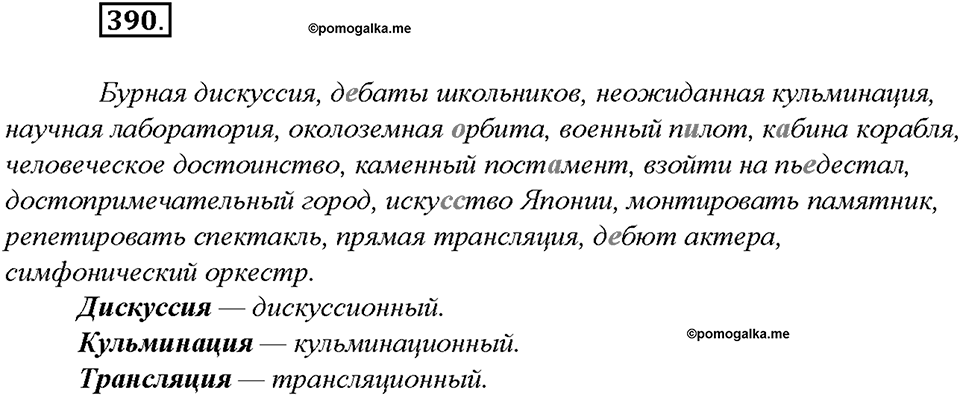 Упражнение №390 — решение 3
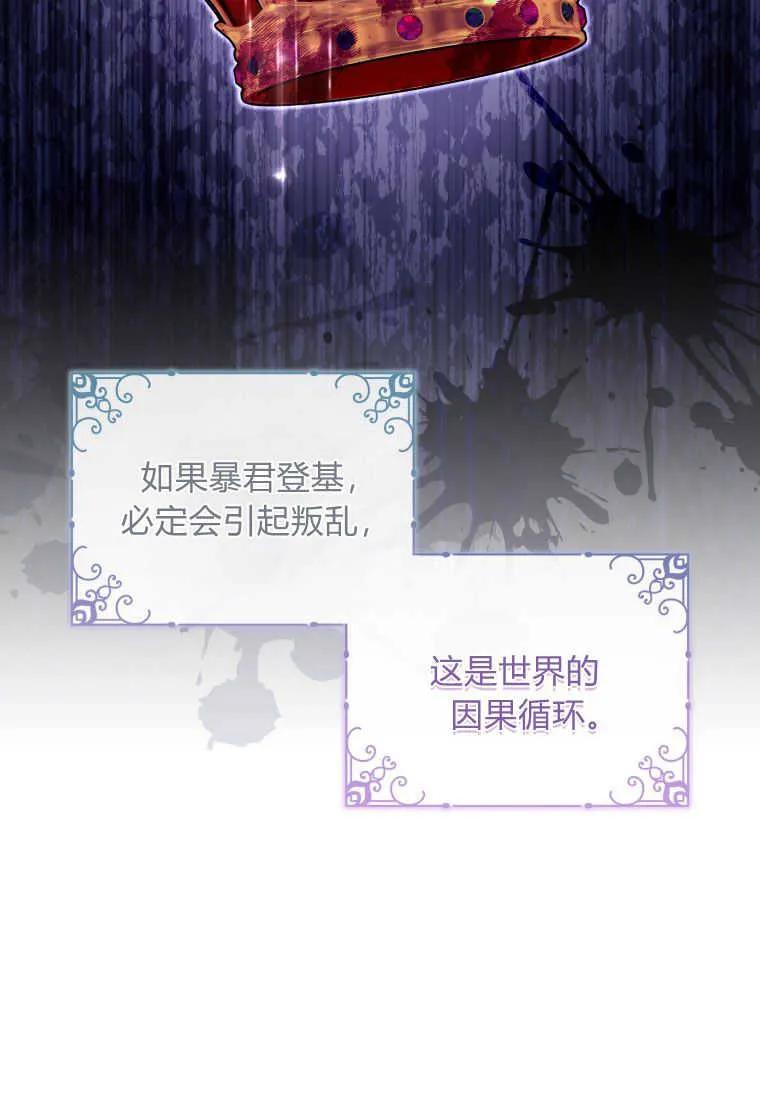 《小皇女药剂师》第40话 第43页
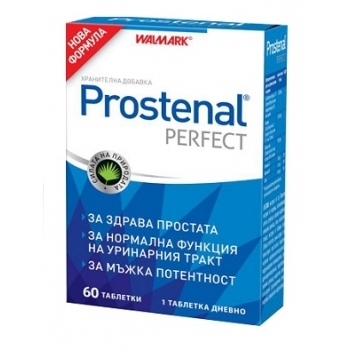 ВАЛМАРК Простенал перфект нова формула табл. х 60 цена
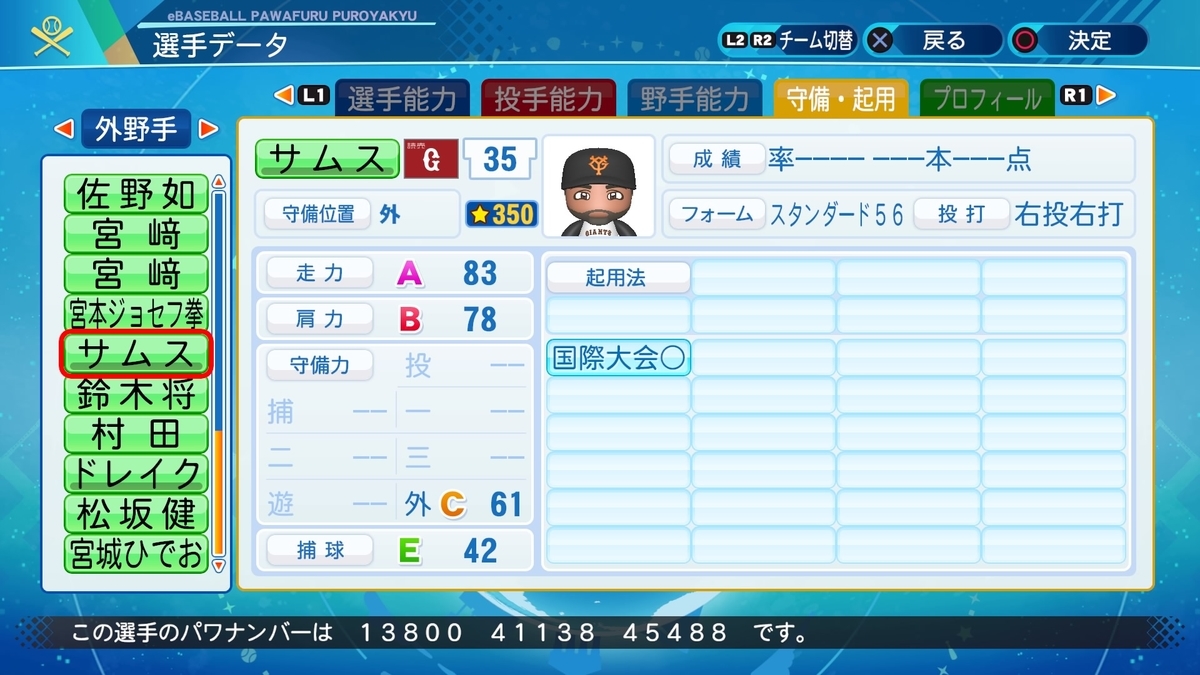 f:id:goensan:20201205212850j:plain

The problem
Transcribe the listing exactly. Its images are to be omitted.

Response area
 Упражнение №390 — решение 3
 《小皇女药剂师》第40话 第43页
 ВАЛМАРК Простенал перфект нова формула табл. х 60 цена
 f:id:goensan:20201205212850j:plain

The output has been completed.